行き詰まる中国高成長モデルと習近平政権の人民元決裁圏拡大戦略 田村秀男・産経新聞特別記者

国基研企画委員の田村秀男・産経新聞特別記者は7月14日、国家基本問題研究所企画委員会で、人民元決裁の拡大を狙う習近平体制における中国経済などを語り、その後櫻井理事長をはじめ他の企画委員らと意見交換した。

【概要】
●行き詰まる中国経済

国際的危機のたびに中国経済は膨張を続けてきた。香港返還、米国同時中枢テロ、リーマンショック、新型コロナショックなどがあっても、国内総生産GDPは拡大を続けてきた。対する米国も経済活力は十分あり順調だが、日本だけが停滞し続けている状況である。

ただし、実質的に中国経済を牽引してきたGDPシェアで5割前後の固定資産投資が、不動産バブルが崩壊したため停滞しはじめた。そのせいで、実質GDPが下降局面に入ったとみられる。それと同時に都市部の若者の失業率が2割を超えるまでになり、大学新卒者の3人に1人は就職できない状況である。

日本は平成バブル崩壊のあと、デフレ圧力が強まり、経済の停滞期から抜け出せないが、中国も原因は違えども、似たような傾向にある。外貨準備高も下がり、人民元の対ドル相場も下がり、デフレ圧力が下がらない。

大きな曲がり角はウクライナ戦争だといえる。これにより海外からの対中投資が引き揚げ始める。すると外貨が増えないことでドルの裏付けがない人民元の発行が難しくなる。つまり中国がドル依存を続ければ、必ず行き詰まる構図である。結局、習近平政権としては、打開策として人民元決裁を増やさざるを得ないということだ。

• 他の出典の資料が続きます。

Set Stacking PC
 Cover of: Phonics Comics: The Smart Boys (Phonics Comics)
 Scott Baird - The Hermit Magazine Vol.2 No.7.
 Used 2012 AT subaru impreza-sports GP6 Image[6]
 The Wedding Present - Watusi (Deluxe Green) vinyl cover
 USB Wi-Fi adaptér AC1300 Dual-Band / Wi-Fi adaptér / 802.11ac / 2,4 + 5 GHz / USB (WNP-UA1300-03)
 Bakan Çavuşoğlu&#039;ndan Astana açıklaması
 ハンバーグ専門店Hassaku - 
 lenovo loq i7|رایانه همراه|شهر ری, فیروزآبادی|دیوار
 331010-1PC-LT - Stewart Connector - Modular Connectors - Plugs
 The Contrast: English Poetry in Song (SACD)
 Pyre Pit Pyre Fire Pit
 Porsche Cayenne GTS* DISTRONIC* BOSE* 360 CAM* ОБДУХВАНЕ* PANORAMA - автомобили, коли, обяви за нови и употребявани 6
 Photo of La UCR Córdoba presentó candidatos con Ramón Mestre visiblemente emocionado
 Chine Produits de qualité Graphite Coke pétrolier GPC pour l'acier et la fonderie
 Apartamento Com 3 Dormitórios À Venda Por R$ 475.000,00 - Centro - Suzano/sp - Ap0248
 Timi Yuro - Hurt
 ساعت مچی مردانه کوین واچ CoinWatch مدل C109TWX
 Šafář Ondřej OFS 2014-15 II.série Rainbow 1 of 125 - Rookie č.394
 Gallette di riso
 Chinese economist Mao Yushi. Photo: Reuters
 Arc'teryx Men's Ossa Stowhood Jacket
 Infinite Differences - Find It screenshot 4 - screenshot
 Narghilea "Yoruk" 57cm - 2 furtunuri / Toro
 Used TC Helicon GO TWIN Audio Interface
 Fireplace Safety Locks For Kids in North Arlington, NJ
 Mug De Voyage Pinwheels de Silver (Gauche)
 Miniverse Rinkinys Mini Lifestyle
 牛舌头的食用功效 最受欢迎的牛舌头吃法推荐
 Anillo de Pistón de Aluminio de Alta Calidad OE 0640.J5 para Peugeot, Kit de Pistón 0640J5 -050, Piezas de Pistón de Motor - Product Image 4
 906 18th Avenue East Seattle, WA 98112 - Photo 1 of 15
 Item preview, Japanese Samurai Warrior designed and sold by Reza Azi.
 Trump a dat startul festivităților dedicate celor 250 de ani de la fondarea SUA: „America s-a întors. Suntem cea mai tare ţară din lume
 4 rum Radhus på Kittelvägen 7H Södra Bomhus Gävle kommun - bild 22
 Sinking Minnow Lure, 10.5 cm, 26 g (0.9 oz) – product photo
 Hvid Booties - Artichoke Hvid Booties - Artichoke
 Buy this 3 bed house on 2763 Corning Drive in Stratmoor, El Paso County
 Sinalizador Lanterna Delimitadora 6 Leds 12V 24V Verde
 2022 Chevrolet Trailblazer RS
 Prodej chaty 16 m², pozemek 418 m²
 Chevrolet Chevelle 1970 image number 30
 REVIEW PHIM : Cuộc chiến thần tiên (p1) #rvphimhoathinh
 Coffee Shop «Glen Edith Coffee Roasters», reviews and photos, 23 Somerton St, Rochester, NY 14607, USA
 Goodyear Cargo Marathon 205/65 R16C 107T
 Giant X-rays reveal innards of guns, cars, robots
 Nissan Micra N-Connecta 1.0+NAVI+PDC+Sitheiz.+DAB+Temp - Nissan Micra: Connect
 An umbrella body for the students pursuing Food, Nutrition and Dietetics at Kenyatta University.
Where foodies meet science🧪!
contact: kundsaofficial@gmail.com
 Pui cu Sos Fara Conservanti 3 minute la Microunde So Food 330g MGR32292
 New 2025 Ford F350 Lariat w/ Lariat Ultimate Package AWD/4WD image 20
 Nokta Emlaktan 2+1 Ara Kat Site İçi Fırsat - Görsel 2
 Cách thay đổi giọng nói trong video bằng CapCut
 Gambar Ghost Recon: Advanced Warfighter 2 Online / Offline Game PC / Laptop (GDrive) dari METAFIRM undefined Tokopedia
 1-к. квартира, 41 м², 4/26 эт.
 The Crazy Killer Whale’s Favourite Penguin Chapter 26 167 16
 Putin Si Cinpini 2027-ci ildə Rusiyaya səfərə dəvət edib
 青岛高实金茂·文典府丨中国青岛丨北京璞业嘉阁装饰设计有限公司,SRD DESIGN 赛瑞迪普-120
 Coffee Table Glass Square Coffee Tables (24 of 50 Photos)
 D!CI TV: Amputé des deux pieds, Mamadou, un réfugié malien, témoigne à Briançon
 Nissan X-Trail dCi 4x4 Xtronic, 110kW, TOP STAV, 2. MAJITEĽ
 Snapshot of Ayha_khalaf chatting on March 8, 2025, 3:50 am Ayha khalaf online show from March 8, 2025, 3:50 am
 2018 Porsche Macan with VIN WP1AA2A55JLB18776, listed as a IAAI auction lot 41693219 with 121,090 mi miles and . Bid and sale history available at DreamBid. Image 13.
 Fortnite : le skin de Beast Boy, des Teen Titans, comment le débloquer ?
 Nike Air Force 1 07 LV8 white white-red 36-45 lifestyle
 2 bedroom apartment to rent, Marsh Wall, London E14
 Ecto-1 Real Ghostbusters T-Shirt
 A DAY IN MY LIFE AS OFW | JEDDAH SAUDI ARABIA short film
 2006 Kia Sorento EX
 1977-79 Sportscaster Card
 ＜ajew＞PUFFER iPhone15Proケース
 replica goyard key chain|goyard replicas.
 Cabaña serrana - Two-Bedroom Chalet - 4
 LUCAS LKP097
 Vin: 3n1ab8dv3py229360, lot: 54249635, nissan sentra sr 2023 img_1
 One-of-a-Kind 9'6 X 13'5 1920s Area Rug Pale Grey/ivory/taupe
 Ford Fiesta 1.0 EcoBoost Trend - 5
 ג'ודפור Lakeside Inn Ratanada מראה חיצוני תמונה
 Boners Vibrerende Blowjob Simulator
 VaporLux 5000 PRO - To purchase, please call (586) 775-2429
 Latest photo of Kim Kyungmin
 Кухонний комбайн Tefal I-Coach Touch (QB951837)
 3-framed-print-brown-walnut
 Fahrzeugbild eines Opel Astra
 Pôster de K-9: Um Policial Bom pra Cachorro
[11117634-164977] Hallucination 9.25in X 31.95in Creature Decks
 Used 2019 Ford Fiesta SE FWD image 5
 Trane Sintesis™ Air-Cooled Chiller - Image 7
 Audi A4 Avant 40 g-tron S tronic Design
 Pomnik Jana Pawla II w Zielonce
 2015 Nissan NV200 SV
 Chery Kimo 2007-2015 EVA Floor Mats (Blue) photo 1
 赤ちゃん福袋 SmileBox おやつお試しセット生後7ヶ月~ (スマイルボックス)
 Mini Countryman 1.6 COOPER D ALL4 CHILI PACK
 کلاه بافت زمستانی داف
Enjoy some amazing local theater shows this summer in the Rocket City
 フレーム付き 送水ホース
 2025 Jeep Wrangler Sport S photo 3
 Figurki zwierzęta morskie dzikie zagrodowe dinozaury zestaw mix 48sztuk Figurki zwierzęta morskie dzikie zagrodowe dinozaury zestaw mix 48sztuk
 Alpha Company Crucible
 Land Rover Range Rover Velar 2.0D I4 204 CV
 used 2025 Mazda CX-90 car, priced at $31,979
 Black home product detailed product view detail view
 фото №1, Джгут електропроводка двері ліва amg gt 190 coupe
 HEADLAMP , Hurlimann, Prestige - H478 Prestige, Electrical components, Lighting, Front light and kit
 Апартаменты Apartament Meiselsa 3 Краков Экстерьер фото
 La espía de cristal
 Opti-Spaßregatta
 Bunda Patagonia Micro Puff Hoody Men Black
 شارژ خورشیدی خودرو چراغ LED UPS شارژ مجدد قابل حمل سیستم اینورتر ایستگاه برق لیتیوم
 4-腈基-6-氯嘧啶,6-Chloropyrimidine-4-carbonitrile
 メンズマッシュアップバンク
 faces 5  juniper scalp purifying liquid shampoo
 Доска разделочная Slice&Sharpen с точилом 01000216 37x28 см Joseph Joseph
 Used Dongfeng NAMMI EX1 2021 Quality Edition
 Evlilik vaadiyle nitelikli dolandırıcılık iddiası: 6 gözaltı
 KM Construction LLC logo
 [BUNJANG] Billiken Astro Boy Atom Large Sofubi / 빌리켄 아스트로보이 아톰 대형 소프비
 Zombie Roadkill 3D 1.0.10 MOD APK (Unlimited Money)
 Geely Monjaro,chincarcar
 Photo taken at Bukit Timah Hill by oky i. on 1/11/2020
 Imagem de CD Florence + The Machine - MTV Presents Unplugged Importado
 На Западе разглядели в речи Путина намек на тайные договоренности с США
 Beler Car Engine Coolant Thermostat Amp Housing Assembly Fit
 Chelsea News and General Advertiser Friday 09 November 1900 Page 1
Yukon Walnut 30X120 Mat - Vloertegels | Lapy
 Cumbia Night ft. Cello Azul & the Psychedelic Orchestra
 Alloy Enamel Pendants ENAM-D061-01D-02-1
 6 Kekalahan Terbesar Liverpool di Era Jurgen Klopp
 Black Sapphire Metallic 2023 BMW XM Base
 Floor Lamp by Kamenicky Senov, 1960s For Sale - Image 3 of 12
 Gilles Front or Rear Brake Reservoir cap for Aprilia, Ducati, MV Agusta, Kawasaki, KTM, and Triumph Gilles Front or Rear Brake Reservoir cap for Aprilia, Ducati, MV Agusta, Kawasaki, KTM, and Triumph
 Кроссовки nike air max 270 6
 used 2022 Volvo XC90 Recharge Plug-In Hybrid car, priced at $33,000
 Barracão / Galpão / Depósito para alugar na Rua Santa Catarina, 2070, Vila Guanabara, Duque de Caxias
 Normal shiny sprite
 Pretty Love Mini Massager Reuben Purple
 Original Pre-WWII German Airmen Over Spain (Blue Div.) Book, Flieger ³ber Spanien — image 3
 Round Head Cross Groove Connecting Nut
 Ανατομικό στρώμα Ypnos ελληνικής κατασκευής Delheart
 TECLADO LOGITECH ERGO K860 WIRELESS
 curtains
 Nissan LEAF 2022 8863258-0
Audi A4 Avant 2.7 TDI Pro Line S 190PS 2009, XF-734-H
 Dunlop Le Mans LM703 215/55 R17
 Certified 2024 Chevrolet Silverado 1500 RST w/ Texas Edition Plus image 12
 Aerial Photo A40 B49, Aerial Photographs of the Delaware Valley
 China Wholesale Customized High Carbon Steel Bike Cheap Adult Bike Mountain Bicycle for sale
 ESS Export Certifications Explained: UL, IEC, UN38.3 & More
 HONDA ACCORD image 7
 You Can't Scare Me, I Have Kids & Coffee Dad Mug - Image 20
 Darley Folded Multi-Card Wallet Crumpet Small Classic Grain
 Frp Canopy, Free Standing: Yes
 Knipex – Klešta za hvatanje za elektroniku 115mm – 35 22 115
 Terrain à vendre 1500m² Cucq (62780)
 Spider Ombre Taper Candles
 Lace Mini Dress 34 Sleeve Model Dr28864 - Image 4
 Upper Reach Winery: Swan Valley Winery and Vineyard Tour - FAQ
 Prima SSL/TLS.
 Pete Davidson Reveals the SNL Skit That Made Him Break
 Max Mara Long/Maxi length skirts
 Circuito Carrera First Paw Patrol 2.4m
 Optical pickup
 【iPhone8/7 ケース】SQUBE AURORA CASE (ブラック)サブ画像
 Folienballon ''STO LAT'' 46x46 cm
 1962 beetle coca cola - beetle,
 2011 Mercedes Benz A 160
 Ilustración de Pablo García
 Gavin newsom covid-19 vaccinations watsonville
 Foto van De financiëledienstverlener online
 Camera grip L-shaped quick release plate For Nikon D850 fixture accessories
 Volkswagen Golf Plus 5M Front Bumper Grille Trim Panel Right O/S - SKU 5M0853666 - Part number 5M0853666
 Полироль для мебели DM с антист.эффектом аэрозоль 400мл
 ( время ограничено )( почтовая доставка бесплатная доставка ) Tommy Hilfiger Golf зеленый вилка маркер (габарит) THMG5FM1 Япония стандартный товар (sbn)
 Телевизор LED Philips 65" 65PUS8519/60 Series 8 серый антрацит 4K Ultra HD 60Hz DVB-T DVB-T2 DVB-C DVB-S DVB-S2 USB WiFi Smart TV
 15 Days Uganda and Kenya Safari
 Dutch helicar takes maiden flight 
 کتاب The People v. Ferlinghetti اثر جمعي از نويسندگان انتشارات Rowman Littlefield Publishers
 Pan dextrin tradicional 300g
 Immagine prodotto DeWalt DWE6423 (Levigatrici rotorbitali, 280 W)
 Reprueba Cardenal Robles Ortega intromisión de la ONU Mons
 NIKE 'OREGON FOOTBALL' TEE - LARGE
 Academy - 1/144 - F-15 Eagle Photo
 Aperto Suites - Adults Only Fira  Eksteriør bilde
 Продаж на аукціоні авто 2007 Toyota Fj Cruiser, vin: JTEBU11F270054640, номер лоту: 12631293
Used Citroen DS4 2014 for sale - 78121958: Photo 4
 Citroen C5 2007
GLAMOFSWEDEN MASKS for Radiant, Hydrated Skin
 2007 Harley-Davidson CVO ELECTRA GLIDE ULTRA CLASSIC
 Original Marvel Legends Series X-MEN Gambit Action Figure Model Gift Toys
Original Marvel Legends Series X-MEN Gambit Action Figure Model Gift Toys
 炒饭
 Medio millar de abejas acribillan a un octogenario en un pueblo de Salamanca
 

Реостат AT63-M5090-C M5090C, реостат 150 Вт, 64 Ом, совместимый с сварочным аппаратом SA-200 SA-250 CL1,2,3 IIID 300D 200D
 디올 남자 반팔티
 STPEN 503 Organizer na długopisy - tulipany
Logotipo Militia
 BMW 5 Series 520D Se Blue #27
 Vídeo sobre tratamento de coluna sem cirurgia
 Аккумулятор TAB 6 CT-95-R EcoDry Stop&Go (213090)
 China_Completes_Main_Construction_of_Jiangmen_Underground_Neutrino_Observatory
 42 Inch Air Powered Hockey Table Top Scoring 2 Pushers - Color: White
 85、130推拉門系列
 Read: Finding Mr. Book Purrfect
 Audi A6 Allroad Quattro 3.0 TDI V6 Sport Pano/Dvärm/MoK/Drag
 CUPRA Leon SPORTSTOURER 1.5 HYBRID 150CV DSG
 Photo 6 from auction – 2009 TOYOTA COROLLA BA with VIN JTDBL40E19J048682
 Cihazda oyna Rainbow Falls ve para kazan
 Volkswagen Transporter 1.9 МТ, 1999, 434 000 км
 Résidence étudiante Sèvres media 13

中国の地方政府財政収入は土地関連が7~8割を占める。土地は共産党のものだから、地方政府が利用権(期限付き)を販売して収入を得てきた。ところが不動産バブル崩壊とともに、地方政府からの土地使用権収入が中央政府に入らなくなったのである。この不動産不況は中国の財政を痛撃している。

●中国は人民元決裁圏拡大を模索

中露の経済的協力関係を原油取引で見てみる。欧州の原油価格の指標であるブレント原油の国際相場に比べ、ウクライナ戦争以降、ロシアのウラル原油の価格は大きく値を下げた。その中で、中国がロシアからウラル原油を買う相場は、ブレント原油に近い価格で購入している。言い換えれば、中国がロシアの軍事費を賄っている構図になる。ロシアにとってまさに干天の慈雨ともいえ、中国の経済的影響力が確実にロシアを包みつつあることを示す。

人民元で売って、人民元で買うというのが人民元決裁だが、ウクライナ戦争後、その影響圏は拡大している。ただし、ロシアが人民元で代金を受け取り、香港市場で人民元取引を行っても、すぐにドルに交換され結局相場は下落する。まだ人民元決裁は定着していないといえる。

今年に入りグローバルサウスから脱ドル気運が出始めた。1月にはサウジ財務省がドル以外の通貨による貿易決済に言及。2月にはイラク中央銀行が、3月にはブラジルが、4月にはアルゼンチンが、対中貿易における人民元決裁を発表。

実態はまだ国際的決済通貨としての米ドルを脅かすまでには至らないが、このままグローバルサウスに人民元決裁が拡大すれば、同時に中国の政治的影響力も拡大していくことになると懸念される。